**Task:** Return only the lines of the listing below that run from the line with "Dolucky Set/2 Lit" through the line with "Ro Vintage Leather", both ends included, exactly as written.

**Data extracts:**
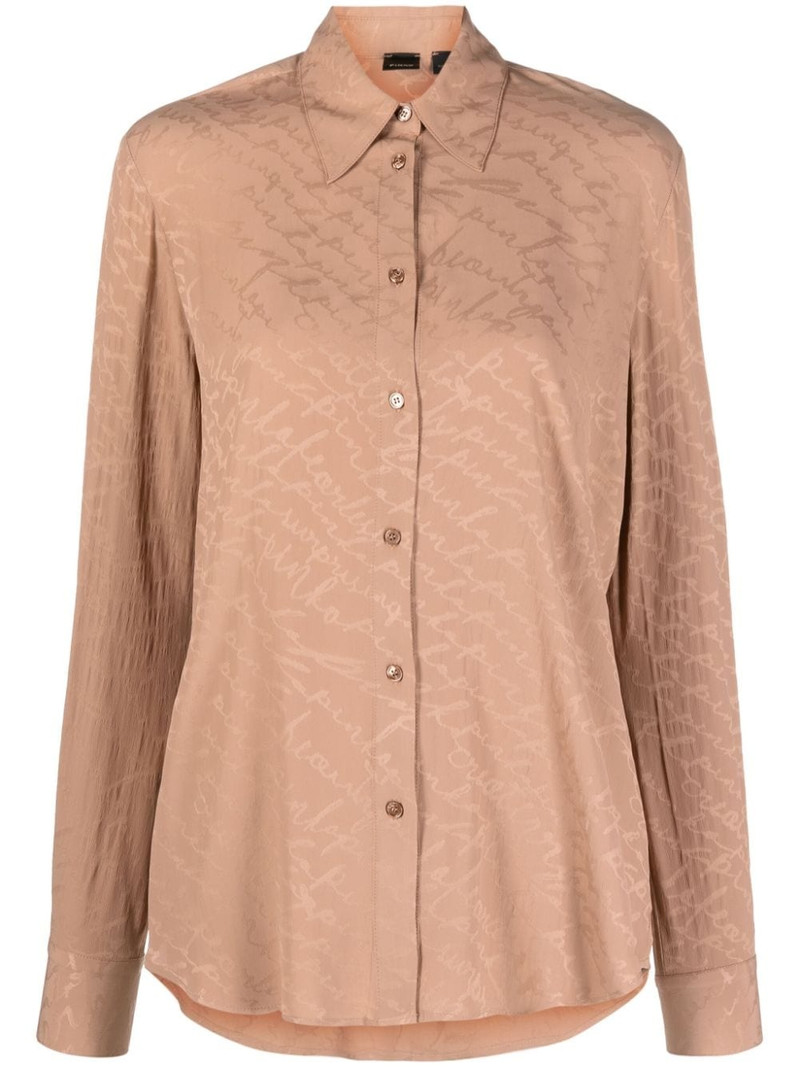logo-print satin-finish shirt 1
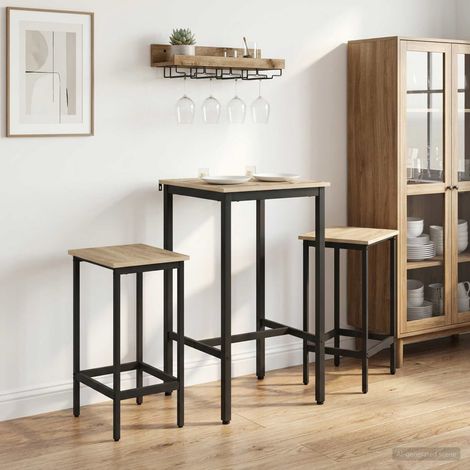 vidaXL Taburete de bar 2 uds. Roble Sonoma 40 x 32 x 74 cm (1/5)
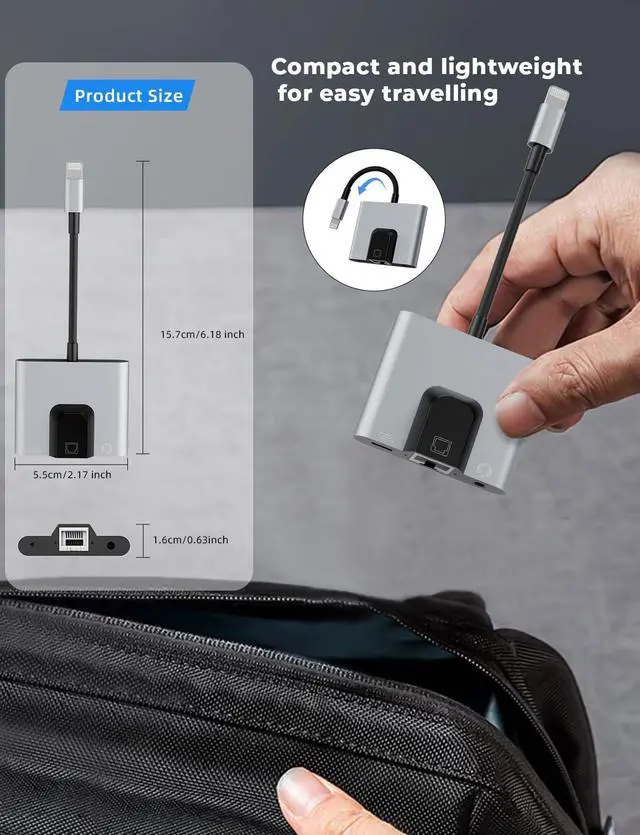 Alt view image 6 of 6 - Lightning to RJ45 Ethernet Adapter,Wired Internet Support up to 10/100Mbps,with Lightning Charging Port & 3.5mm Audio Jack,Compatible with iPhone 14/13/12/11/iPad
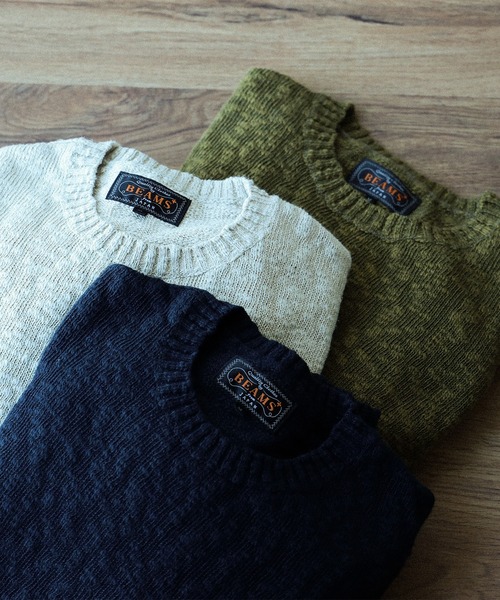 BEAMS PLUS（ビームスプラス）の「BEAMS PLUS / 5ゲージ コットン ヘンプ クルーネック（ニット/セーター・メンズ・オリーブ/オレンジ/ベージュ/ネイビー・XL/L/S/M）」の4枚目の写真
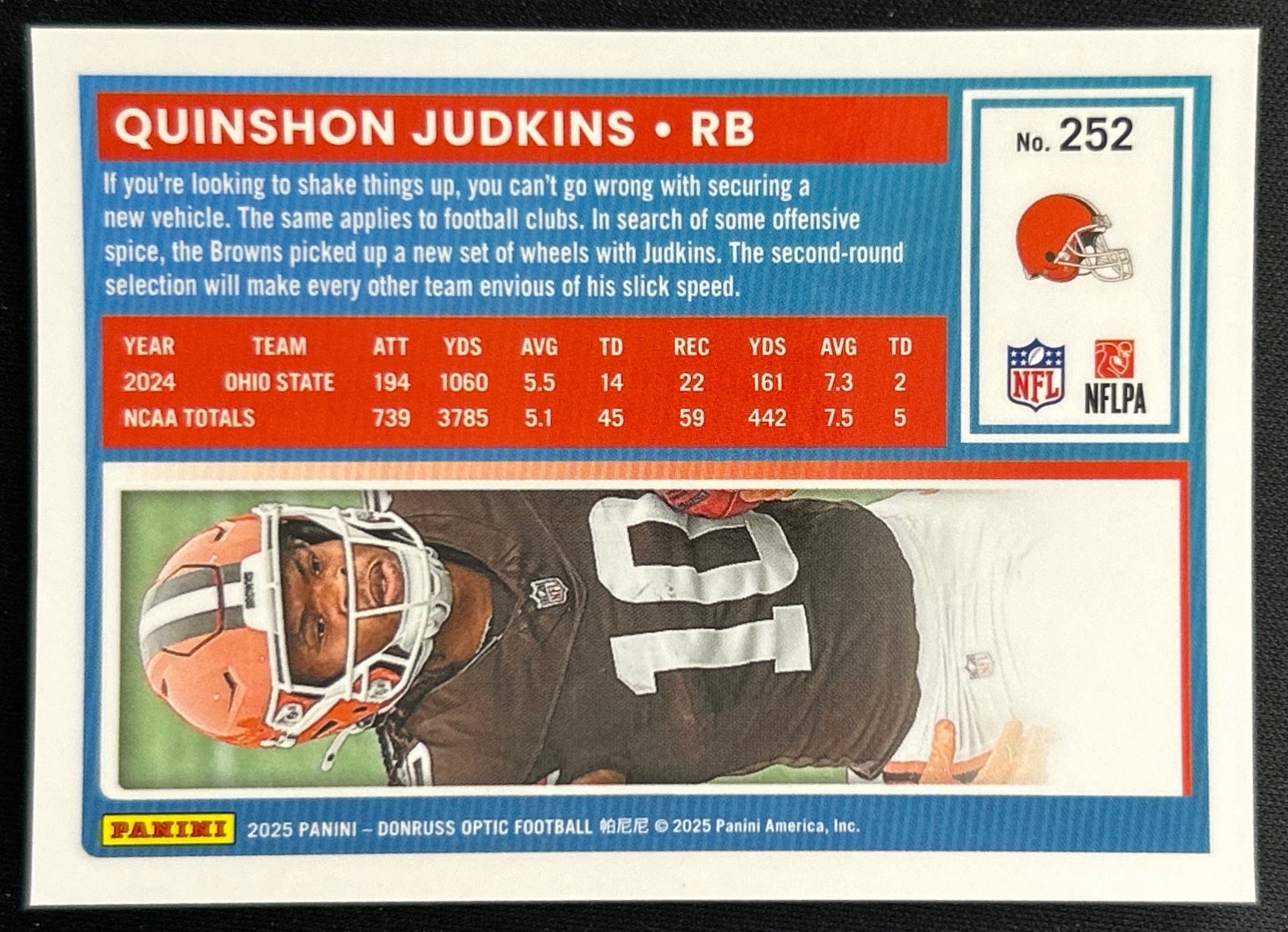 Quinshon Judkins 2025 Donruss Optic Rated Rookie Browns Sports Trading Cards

--

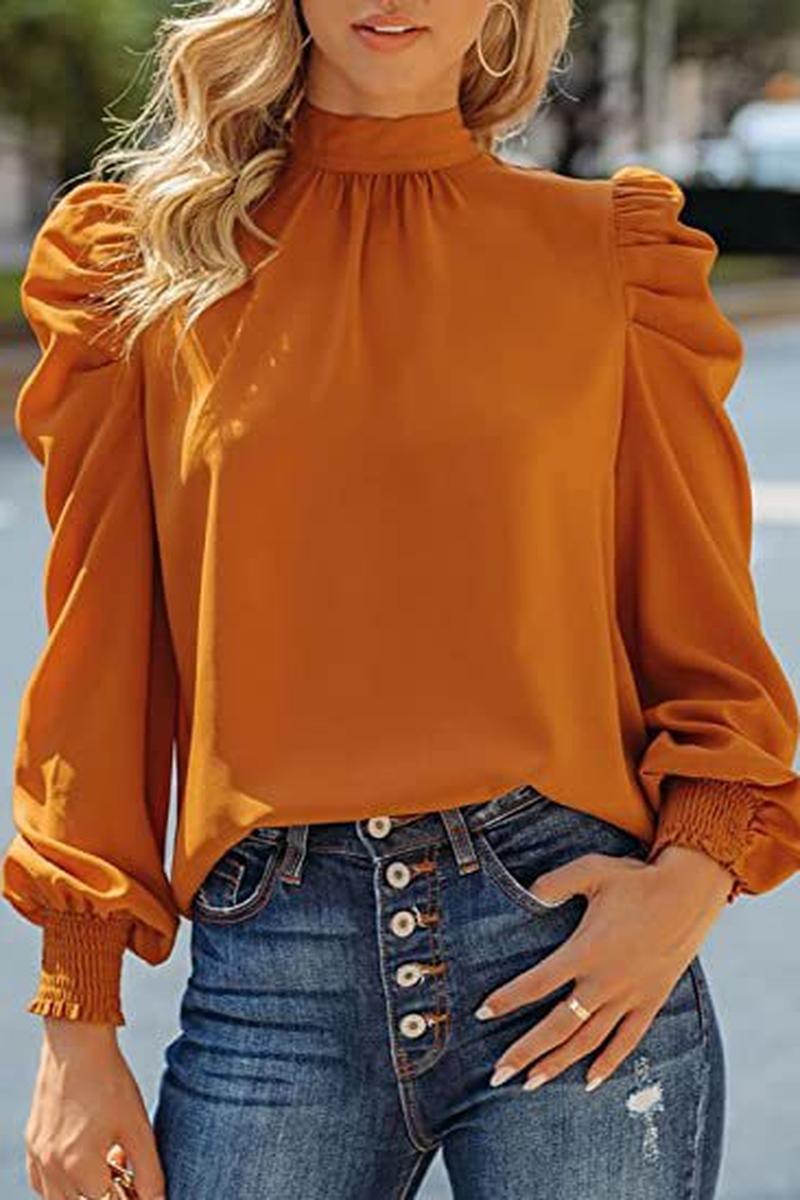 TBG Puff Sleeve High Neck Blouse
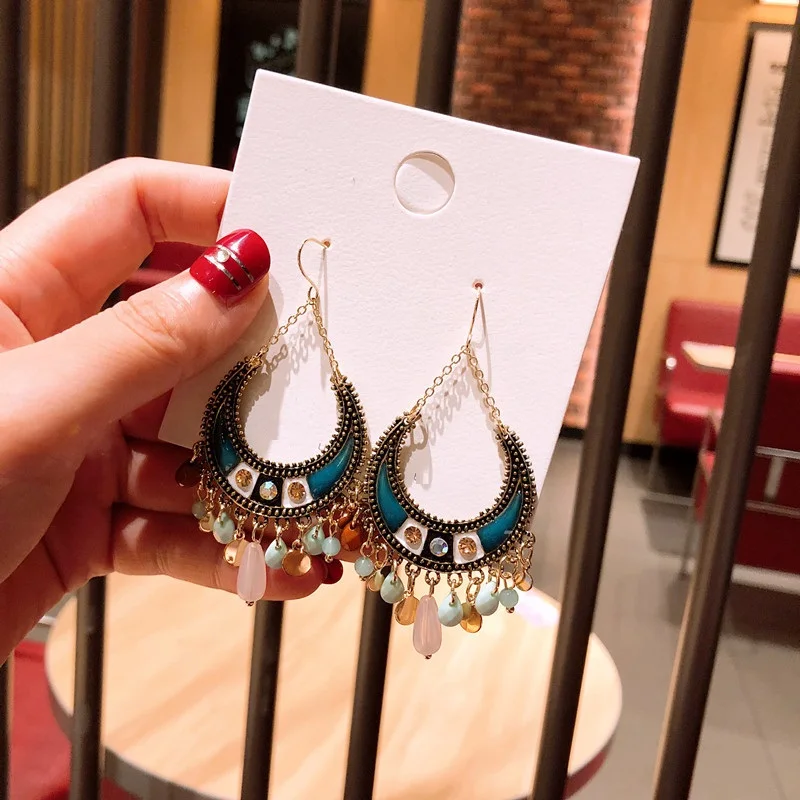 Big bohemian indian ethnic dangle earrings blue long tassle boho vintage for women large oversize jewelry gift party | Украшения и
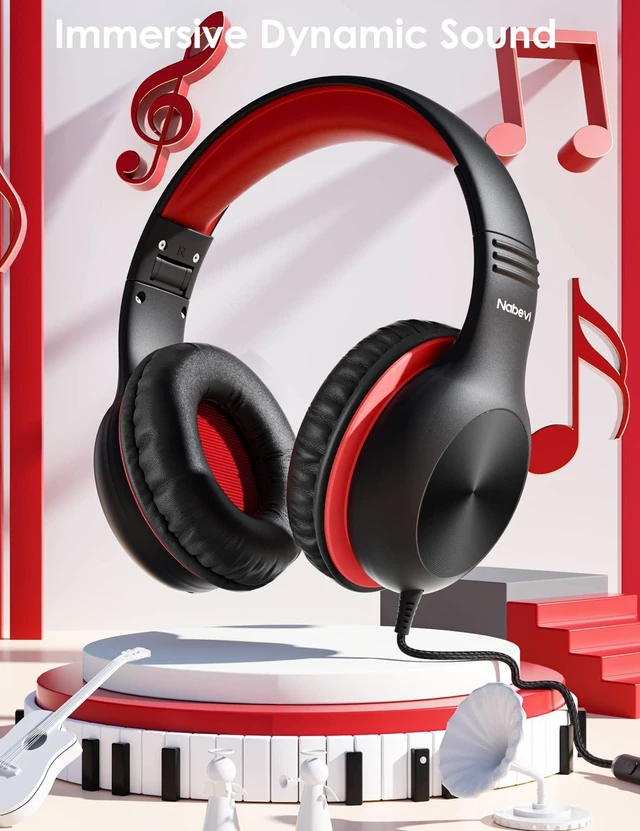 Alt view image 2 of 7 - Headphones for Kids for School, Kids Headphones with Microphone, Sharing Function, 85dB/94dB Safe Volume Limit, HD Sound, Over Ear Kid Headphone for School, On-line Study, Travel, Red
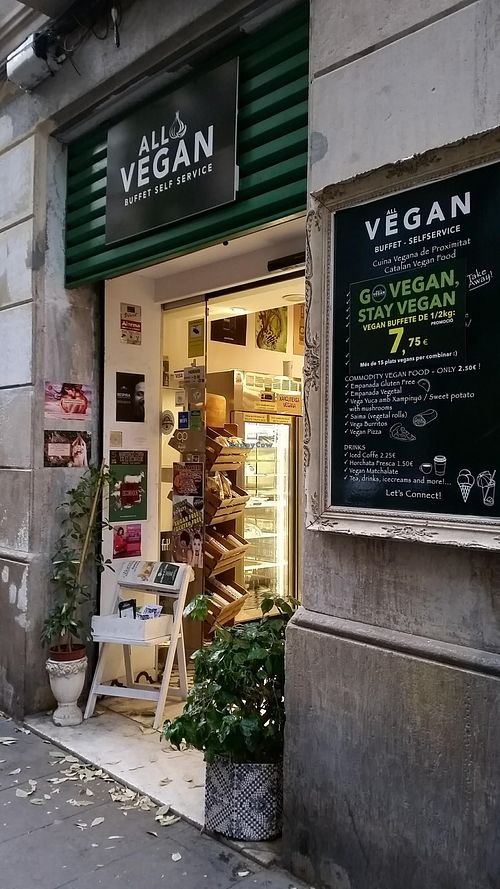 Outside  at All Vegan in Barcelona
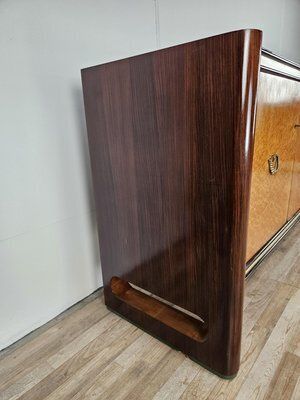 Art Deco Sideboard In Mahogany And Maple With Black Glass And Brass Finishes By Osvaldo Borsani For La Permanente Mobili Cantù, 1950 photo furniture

==

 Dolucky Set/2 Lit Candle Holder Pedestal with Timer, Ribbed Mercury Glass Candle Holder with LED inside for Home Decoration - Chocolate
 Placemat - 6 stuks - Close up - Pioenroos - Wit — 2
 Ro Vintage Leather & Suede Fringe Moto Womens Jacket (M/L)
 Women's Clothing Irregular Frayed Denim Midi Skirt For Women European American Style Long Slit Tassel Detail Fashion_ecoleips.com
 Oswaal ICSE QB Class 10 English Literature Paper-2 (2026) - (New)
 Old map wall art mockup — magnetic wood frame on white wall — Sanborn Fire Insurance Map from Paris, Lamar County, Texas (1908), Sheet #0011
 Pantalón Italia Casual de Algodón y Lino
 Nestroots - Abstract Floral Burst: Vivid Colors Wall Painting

**Answer space:**
 Dolucky Set/2 Lit Candle Holder Pedestal with Timer, Ribbed Mercury Glass Candle Holder with LED inside for Home Decoration - Chocolate
 Placemat - 6 stuks - Close up - Pioenroos - Wit — 2
 Ro Vintage Leather & Suede Fringe Moto Womens Jacket (M/L)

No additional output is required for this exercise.